* **What you will do**
Repeat everything in the listing exactly, except for the images.

-- -- --

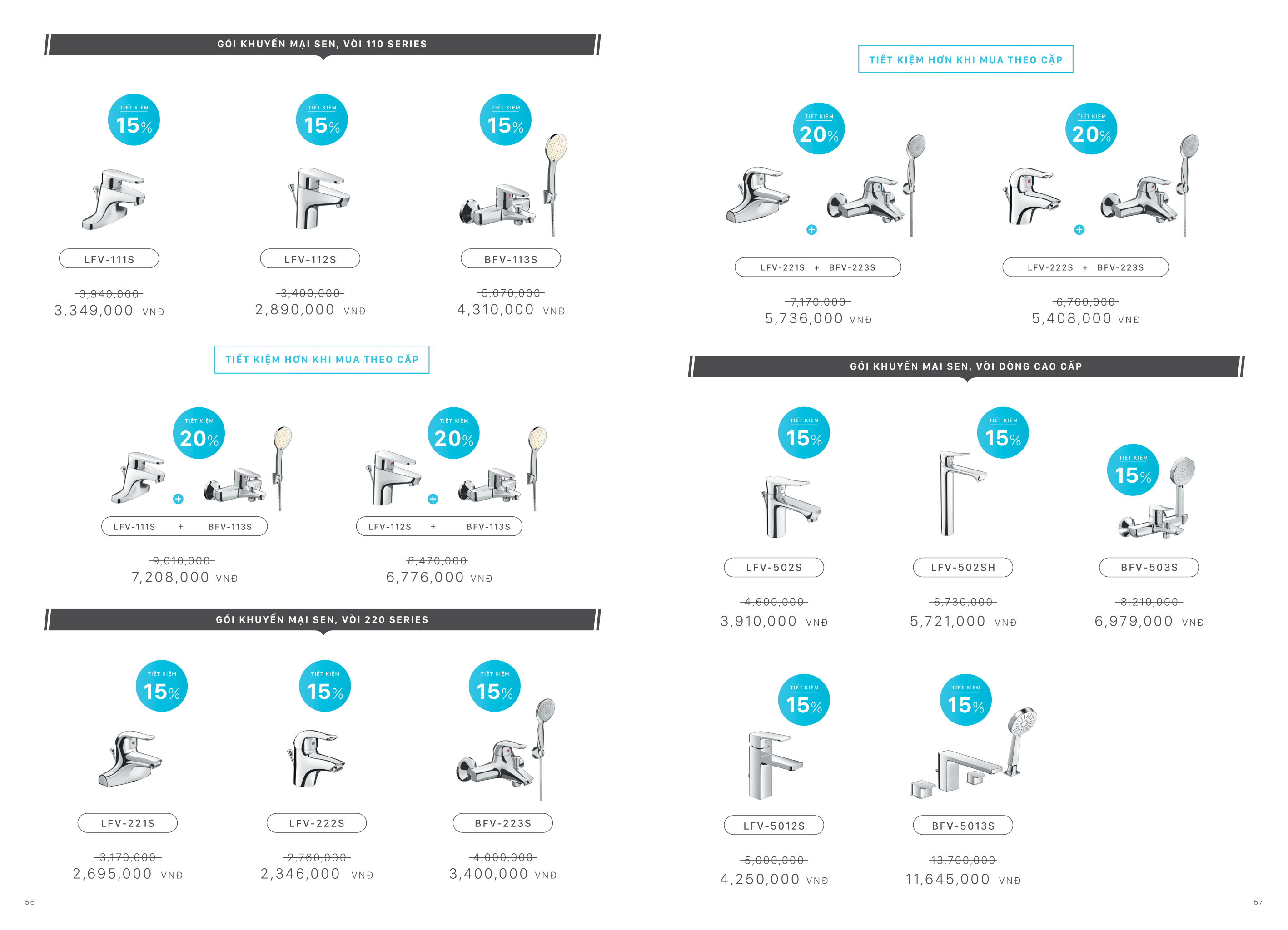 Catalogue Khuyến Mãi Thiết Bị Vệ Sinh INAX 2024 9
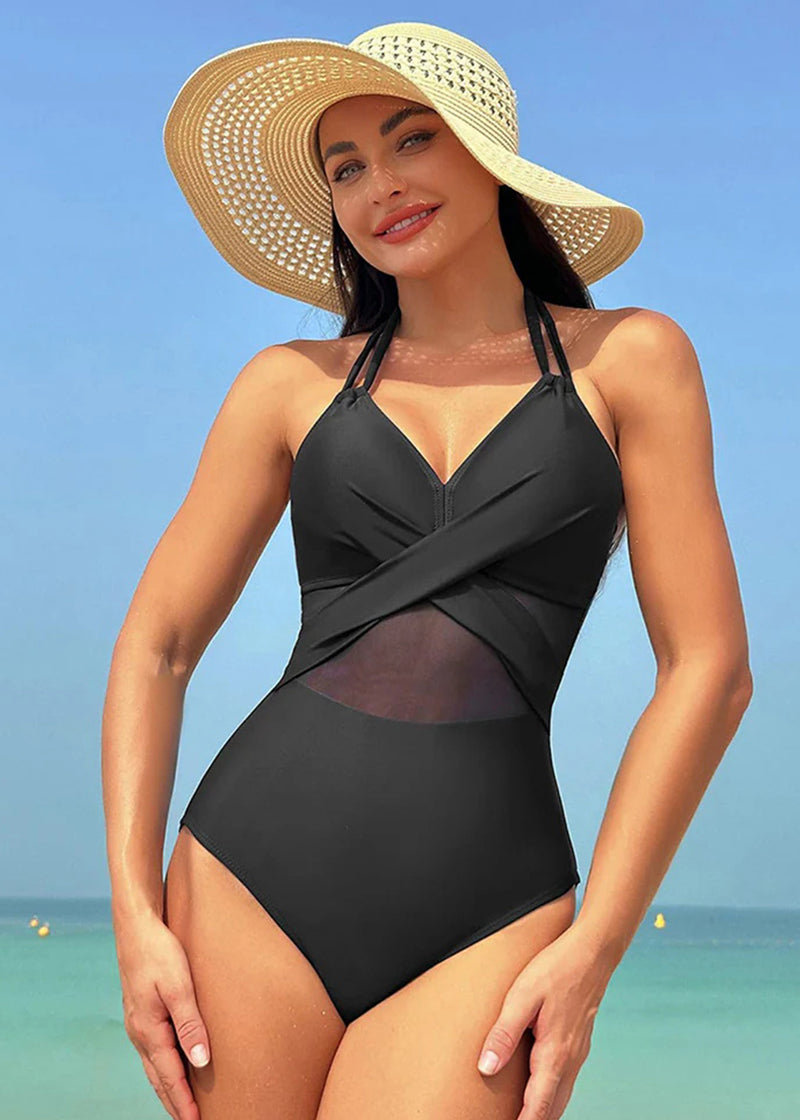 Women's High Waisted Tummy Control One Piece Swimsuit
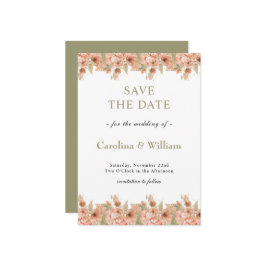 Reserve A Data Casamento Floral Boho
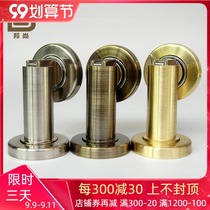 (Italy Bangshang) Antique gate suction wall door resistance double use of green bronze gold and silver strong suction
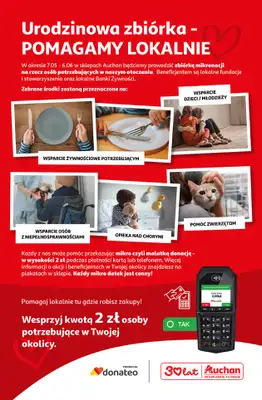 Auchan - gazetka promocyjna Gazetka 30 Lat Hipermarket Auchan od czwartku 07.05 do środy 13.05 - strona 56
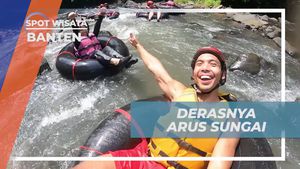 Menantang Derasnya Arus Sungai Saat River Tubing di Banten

-- -- --

* **Answer space**
 Catalogue Khuyến Mãi Thiết Bị Vệ Sinh INAX 2024 9
 Women's High Waisted Tummy Control One Piece Swimsuit
 Reserve A Data Casamento Floral Boho
 (Italy Bangshang) Antique gate suction wall door resistance double use of green bronze gold and silver strong suction
 Auchan - gazetka promocyjna Gazetka 30 Lat Hipermarket Auchan od czwartku 07.05 do środy 13.05 - strona 56
 Menantang Derasnya Arus Sungai Saat River Tubing di Banten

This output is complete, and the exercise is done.